SWOT Captures Planet-Rumbling Greenland Tsunami
A visualization based on data from the international SWOT satellite mission shows the unique contours of a tsunami that sloshed within the steep walls of a fjord in Greenland in September 2023. Triggered by a massive landslide, the tsunami generated a seismic rumble that reverberated around the world for nine days.
Short for Surface Water and Ocean Topography, SWOT collected water elevation measurements in the Dickson Fjord on Sept. 17, 2023, the day after the initial landslide and tsunami. The data was compared with measurements made under normal conditions a few weeks prior, on Aug. 6, 2023. Colors toward the lighter end of the scale indicate higher water levels, and darker colors indicate lower-than-normal levels. The data suggest that water levels at some points along the north side of the fjord were as much as 4 feet (1.2 meters) higher than on the south.
In a September 2024 paper in Science, researchers traced a seismic signal back to the tsunami, which began when more than 880 million cubic feet of rock and ice (25 million cubic meters) fell into the Dickson Fjord. Part of a network of channels on Greenland's eastern coast, the fjord is about 1,772 feet (540 meters) deep and 1.7 miles (2.7 kilometers) wide, with walls taller than 6,000 feet (1,830 meters).
Far from the open ocean, in a confined space, the energy of the tsunami's motion had limited opportunity to dissipate, so the wave moved back and forth about every 90 seconds for nine days. It caused tremors recorded on seismic instruments thousands of miles away.
Launched in December 2022 from Vandenberg Space Force Base in central California, SWOT is now in its operations phase, collecting data that will be used for research and other purposes.
SWOT was jointly developed by NASA and the French space agency, CNES (Centre National d'Études Spatiales), with contributions from the Canadian Space Agency (CSA) and the UK Space Agency. NASA's Jet Propulsion Laboratory, which is managed for the agency by Caltech in Pasadena, California, leads the U.S. component of the project. For the flight system payload, NASA provided the KaRIn instrument, a GPS science receiver, a laser retroreflector, a two-beam microwave radiometer, and NASA instrument operations.

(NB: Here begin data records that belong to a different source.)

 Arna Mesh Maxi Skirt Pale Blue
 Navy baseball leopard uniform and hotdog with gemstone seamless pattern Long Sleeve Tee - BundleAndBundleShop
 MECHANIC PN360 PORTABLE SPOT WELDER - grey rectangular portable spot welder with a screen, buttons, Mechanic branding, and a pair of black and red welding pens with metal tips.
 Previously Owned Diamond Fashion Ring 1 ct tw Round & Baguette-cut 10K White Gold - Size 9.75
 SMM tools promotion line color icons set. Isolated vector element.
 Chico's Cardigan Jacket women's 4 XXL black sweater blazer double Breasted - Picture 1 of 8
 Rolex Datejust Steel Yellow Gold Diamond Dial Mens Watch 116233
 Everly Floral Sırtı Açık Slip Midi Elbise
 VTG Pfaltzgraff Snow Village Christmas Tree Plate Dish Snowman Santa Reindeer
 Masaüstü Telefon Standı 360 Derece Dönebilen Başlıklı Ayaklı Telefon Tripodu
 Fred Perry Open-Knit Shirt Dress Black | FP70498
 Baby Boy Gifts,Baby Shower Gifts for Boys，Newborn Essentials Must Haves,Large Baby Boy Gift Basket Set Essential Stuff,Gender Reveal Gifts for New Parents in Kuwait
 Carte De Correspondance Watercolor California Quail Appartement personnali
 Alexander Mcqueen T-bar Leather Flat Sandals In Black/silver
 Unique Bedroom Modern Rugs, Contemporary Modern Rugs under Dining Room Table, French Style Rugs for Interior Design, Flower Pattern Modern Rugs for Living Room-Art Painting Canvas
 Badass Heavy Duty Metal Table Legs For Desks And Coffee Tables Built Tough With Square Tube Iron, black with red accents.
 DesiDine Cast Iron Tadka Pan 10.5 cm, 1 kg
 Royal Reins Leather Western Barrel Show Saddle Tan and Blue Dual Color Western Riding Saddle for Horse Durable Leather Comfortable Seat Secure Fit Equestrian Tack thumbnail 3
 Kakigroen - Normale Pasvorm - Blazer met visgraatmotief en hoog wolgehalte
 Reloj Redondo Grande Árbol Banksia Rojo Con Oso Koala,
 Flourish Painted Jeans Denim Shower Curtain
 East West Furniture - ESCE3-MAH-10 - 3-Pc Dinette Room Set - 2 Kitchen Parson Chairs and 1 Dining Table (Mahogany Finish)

CNES provided the Doppler Orbitography and Radioposition Integrated by Satellite (DORIS) system, the dual frequency Poseidon altimeter (developed by Thales Alenia Space), the KaRIn radio-frequency subsystem (together with Thales Alenia Space and with support from the UK Space Agency), the satellite platform, and ground operations. CSA provided the KaRIn high-power transmitter assembly.